In the course of the divorce action, the court was required to divide Carl and Debbie’s assets equitably. But what would that mean for the trust established for Carl by his father back in the early years of the couple’s marriage?

Carl’s father had set up the trust to make distributions to Carl, his two siblings, his children, nieces and nephews. Debbie was not named as a beneficiary of the trust, and distributions could not be made to her. Over a two-year period just before the marriage ended, Carl had received over $800,000 in distributions from the trust. At the time of the divorce trial, the trust was valued at almost $25 million; Carl was one of eleven potential beneficiaries of the trust.

The divorce court had to figure out what to do about the trust. Noting that it provided for payments for Carl’s “comfortable support, health, maintenance, welfare and education,” the divorce judge decided that Debbie should be entitled to a share of the trust.

Calculating that Carl’s one-eleventh interest in the trust would be about $2.2 million, the divorce judge assigned 60% of that figure to Debbie. Carl appealed; the Massachusetts Court of Appeals affirmed the divorce judge’s determination. Carl appealed again, this time to the Massachusetts Supreme Court.

The state’s high court disagreed, and reversed the award of an interest in the trust to Debbie. Part of the reason for the reversal: the trust included a spendthrift provision, which should prohibit any claim by third persons against Carl’s interest. The justices also noted that Carl was not one of the trustees of the trust (his brother and one of his father’s lawyers were trustees), that Carl’s interest was not a separate share of the trust (it provided that distributions could be unequal and, in fact, no distributions had yet been made to or for second-generation beneficiaries), and that no distributions had been made to Carl since the divorce petition was filed (though distributions had continued to his two siblings).

Because of the exact nature of the trust, the Massachusetts Supreme Judicial Court ruled that Carl’s interest in the trust was not available to be assigned to his wife in the divorce proceedings. The court did note, however, that when the divorce judge reconsiders the division of property, she might want to assign more of the couple’s assets to Debbie because of Carl’s potential benefits flowing from the trust. Pfannenstiehl v. Pfannenstiehl, August 4, 2016.

Many of our clients are concerned about the scenario in Carl and Debbie’s situation — but from the other side of the equation. If you want to leave some of your property to your child, but worry about the possibility of divorce or other marital problems, what can (or should) you do?

Arizona, of course, is a community property state. That means that everything a married couple acquires during the marriage is presumed to belong equally to both spouses. One huge exception to that general rule: gifts and inheritances.

If you give or leave money to your married daughter in Arizona, it is not community property. It remains her separate property — unless, of course, she converts it to community property by putting her spouse’s name on the title (that’s not the only way to convert it into community property, but it’s the most common one).
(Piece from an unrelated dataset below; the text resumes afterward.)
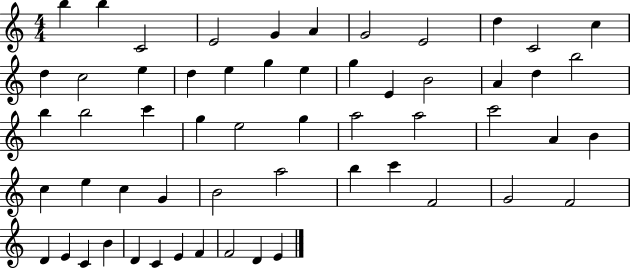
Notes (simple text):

B5/q B5/q C4/h E4/h G4/q A4/q G4/h E4/h D5/q C4/h C5/q D5/q C5/h E5/q D5/q E5/q G5/q E5/q G5/q E4/q B4/h A4/q D5/q B5/h B5/q B5/h C6/q G5/q E5/h G5/q A5/h A5/h C6/h A4/q B4/q C5/q E5/q C5/q G4/q B4/h A5/h B5/q C6/q F4/h G4/h F4/h D4/q E4/q C4/q B4/q D4/q C4/q E4/q F4/q F4/h D4/q E4/q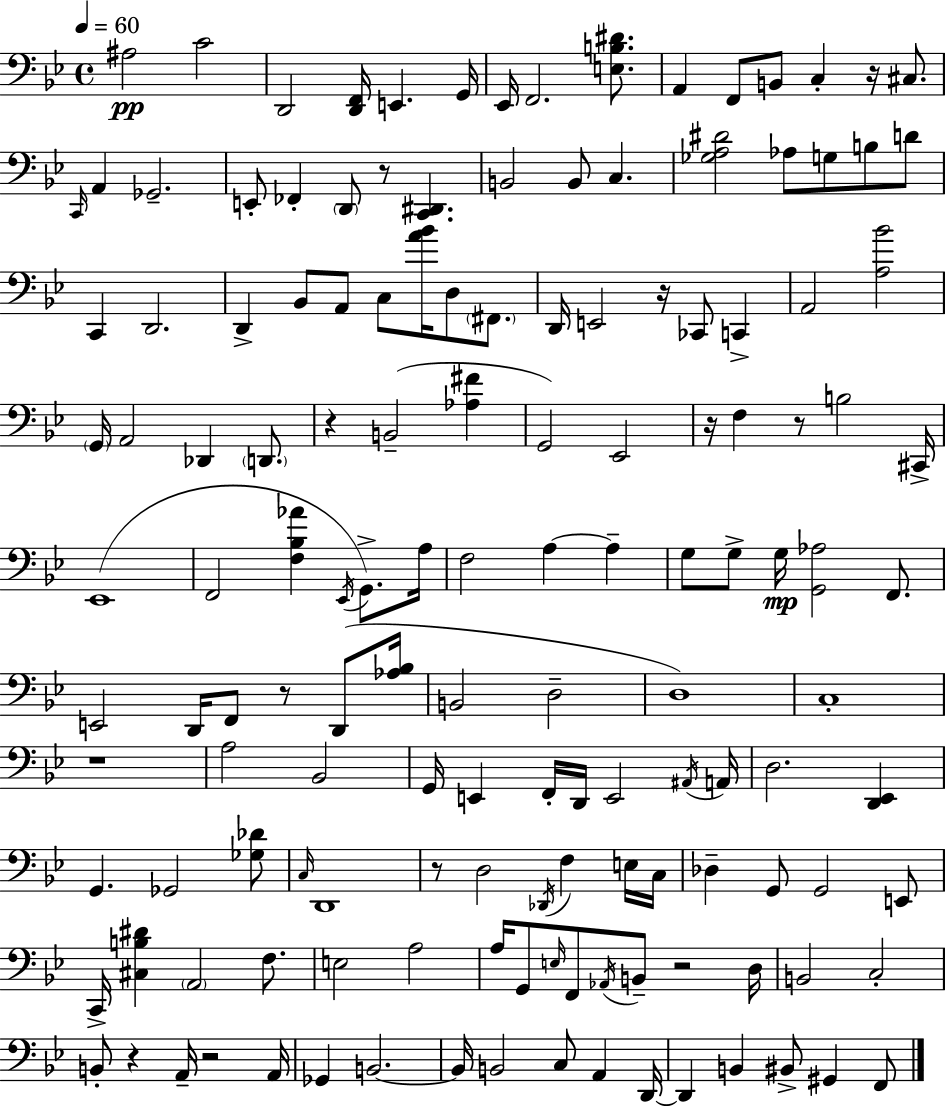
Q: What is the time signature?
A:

What about leaving property to your daughter in a trust? That should help protect it even better against her spouse — and her other creditors. It’s hard to explain the original divorce judge in Carl and Debbie’s case, or the Court of Appeals decision that upheld it, but the final outcome should clearly be the one adopted by the high court in Massachusetts. A trust for your daughter should not figure in her later divorce — though it is possible to imagine that her divorce court judge might award slightly more of the couple’s property to her spouse if she has ready access to a substantial trust account.

Does it make any difference who is named as trustee of your daughter’s trust? The court in Carl and Debbie’s case thought it was worth noting that Carl was not the trustee of his own trust, but the outcome should not have been different if he had been. A trustee has a duty to all of the potential beneficiaries, and therefore can’t just act in their own interest. That means that even if Carl had been trustee (or co-trustee) of the trust established by his father, his access to the trust’s principal would have been limited.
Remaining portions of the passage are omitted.